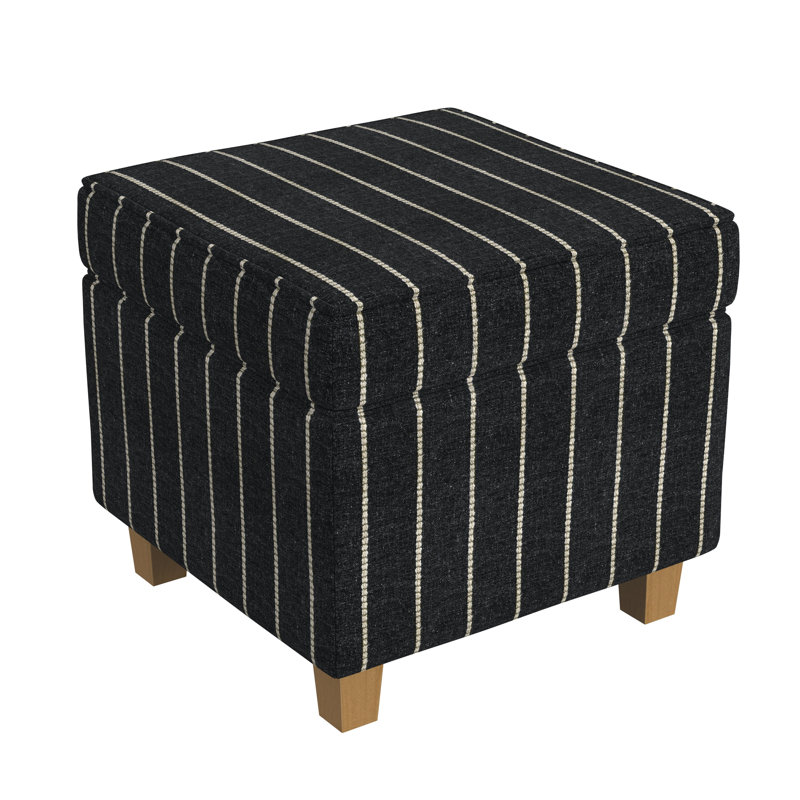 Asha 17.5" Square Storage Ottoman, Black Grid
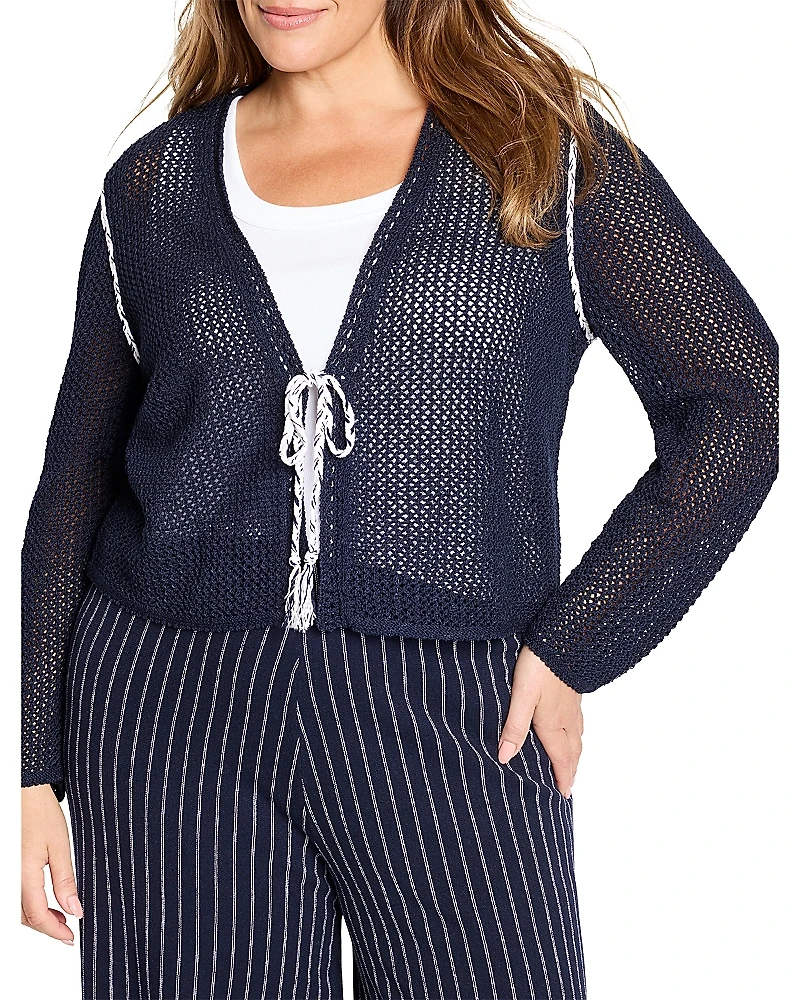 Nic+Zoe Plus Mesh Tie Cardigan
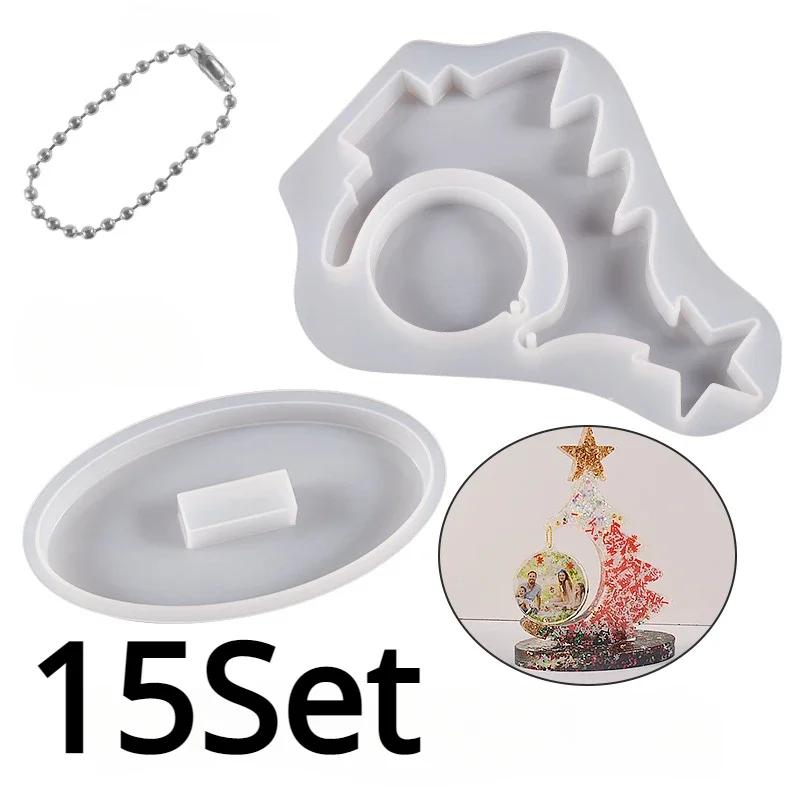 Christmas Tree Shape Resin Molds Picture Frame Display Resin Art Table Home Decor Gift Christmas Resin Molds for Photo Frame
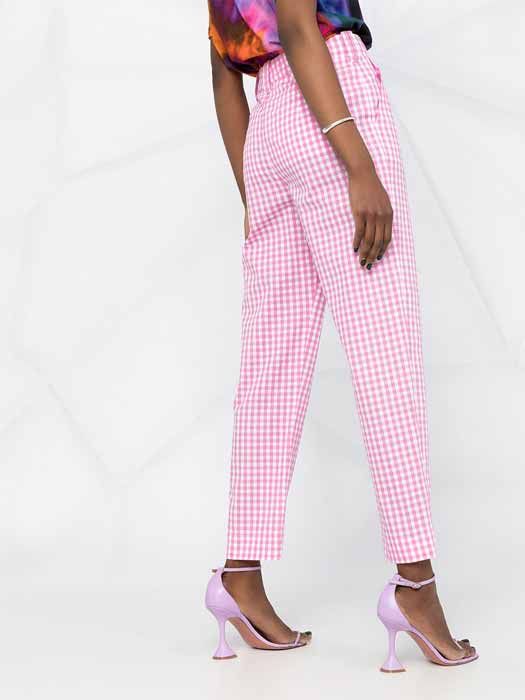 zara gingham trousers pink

YOUR INSTRUCTIONS: Extract the run of lines from the line holding "Nic+Zoe Plus Mesh Tie Cardigan" through the final line of the material above, exactly and inclusively. Leave the pictures behind.

RESPONSE TO THIS EXERCISE:
 Nic+Zoe Plus Mesh Tie Cardigan
 Christmas Tree Shape Resin Molds Picture Frame Display Resin Art Table Home Decor Gift Christmas Resin Molds for Photo Frame
 zara gingham trousers pink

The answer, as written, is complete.